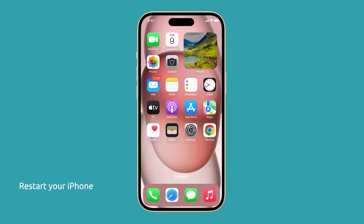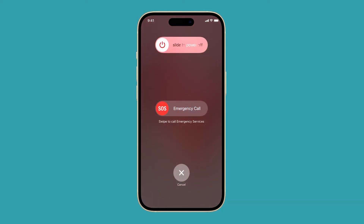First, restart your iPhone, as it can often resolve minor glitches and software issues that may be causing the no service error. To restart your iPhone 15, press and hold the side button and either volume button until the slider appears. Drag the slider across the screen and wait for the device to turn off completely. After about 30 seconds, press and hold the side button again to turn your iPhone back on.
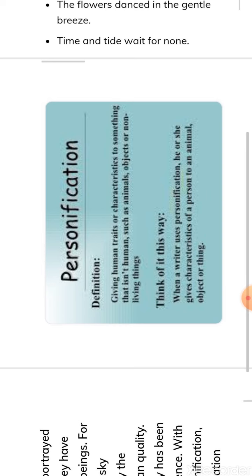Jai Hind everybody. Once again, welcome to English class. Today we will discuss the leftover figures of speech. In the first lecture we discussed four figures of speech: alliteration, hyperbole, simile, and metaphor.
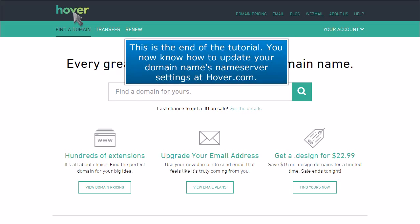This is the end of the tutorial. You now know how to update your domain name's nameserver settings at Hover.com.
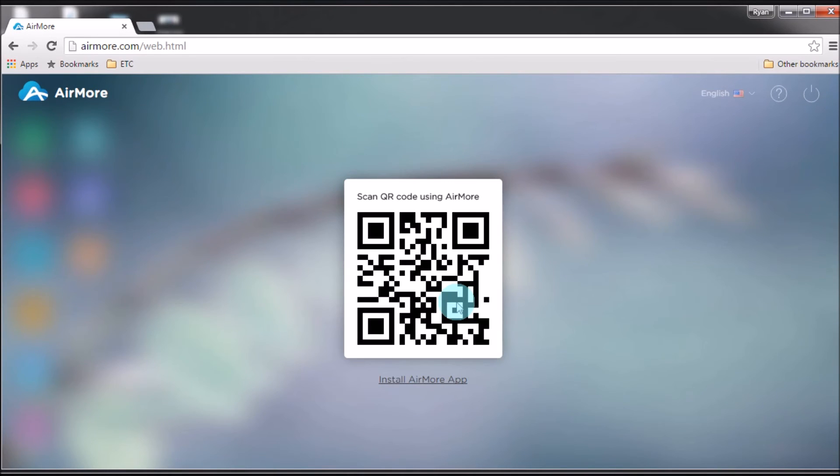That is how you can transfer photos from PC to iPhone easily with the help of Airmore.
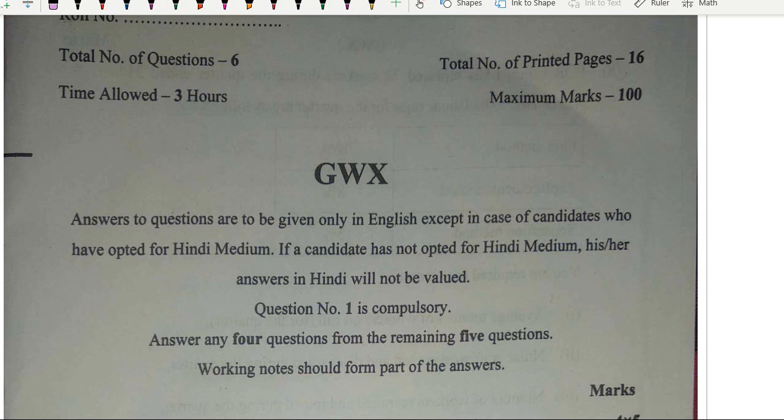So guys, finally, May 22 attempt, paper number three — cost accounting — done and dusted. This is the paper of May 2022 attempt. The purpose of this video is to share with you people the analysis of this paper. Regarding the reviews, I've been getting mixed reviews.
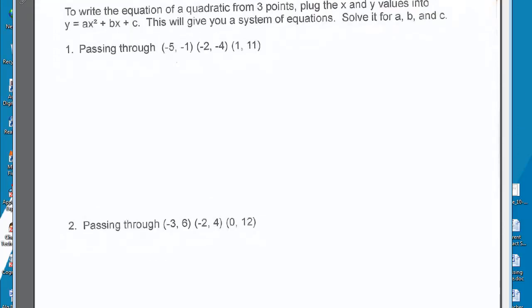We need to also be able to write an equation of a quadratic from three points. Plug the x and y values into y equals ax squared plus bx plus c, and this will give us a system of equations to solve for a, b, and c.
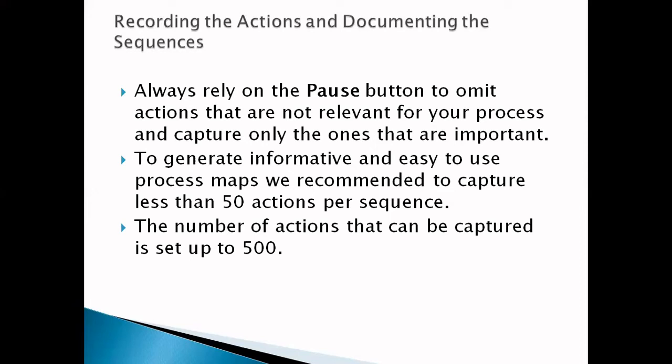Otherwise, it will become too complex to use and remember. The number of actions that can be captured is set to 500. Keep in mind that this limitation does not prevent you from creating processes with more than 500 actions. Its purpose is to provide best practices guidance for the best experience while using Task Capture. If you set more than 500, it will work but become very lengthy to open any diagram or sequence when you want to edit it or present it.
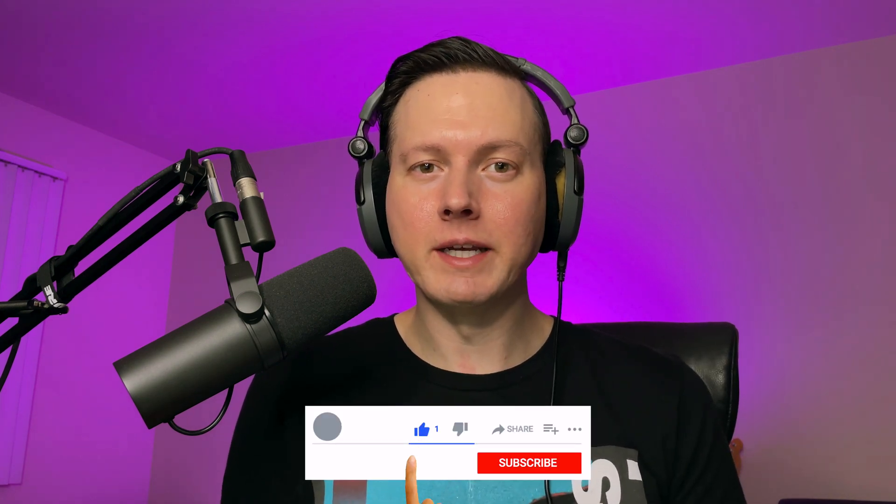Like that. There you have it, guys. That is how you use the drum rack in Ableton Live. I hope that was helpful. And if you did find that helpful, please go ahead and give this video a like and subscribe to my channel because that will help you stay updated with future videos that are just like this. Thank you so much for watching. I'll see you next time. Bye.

• **Directions for this task**
Taking the entries above, extract every line from the one bearing "That is how you can" through the one bearing "So guys, finally, May", exactly, with no pictures.

• **Result**
That is how you can transfer photos from PC to iPhone easily with the help of Airmore.
So guys, finally, May 22 attempt, paper number three — cost accounting — done and dusted. This is the paper of May 2022 attempt. The purpose of this video is to share with you people the analysis of this paper. Regarding the reviews, I've been getting mixed reviews.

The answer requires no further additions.